Berlin (LiZ). Wie kaum anders zu erwarten, garantiert die "schwarz-gelbe" Bundesregierung den Weiterbetrieb der deutschen Atomkraftwerke bis 2013. Sie setzt damit die von "Rot-Grün" unter dem Deckmantel eines Atom-Ausstiegs abgegebene Bestandsgarantie des Jahres 2000 trotz eklatanter Sicherheitsmängel fort. Der inszenierte Streit um verschiedene "Laufzeitverlängerungen" zwischen 8 und 30 Jahren sollte dabei davon ablenken, daß die Geschäftsgrundlage von "Schwarz-Gelb" lediglich bis zur nächsten Bundestagswahl reicht.

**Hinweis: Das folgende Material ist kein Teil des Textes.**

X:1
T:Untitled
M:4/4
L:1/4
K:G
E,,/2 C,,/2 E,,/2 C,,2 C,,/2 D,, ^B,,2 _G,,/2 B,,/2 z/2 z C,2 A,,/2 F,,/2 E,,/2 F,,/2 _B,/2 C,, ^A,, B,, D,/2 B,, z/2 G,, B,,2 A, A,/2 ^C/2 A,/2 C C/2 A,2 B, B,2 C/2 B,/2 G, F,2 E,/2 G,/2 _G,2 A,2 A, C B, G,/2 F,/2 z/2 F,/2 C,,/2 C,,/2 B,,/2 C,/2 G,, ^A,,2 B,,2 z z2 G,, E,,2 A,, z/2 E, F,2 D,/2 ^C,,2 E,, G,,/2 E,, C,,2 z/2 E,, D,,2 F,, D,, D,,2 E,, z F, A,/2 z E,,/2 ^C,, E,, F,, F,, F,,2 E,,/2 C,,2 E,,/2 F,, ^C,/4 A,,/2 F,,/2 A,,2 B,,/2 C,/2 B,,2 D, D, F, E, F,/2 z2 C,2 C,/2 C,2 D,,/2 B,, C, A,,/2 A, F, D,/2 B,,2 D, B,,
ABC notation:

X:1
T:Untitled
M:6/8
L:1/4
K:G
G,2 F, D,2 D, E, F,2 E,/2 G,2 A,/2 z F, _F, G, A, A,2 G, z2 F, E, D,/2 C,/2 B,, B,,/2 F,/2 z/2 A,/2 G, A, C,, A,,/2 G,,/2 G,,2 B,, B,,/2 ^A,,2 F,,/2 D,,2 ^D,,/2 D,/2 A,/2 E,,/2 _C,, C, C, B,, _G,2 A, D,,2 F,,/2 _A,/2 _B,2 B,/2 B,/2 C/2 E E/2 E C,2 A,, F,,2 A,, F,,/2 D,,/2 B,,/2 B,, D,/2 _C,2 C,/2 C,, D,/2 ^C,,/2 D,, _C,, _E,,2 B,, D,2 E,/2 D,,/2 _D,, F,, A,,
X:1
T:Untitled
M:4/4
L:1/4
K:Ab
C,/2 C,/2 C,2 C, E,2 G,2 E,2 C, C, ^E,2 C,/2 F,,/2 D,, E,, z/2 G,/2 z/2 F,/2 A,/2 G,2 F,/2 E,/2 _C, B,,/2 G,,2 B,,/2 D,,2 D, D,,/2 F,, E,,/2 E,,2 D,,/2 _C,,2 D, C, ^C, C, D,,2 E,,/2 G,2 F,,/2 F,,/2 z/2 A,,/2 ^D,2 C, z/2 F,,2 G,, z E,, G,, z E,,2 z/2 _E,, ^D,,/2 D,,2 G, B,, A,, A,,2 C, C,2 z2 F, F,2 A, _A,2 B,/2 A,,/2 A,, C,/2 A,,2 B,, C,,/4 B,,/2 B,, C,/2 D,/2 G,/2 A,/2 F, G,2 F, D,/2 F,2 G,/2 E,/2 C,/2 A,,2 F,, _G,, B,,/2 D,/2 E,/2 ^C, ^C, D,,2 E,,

Mit dem im Jahr 2000 vereinbarten "Atom-Ausstieg" hatte die damalige "rot-grüne" Bundesregierung mit Kanzler Gerhard Schröder, Außenminister Joseph Fischer und Bundes-"Umwelt"-Minister Jürgen Trittin eine Bestandsgarantie für die deutschen Atomkraftwerke gegeben, die ursprünglich von den Ingenieuren lediglich für eine Betriebsdauer von 25 Jahren ausgelegt wurden. Die in den Jahren zwischen 1968 und 1989 in Betrieb genommenen deutschen Atomkraftwerke hätten demnach in den Jahren zwischen 1993 und 2014 nach und nach stillgelegt werden müssen.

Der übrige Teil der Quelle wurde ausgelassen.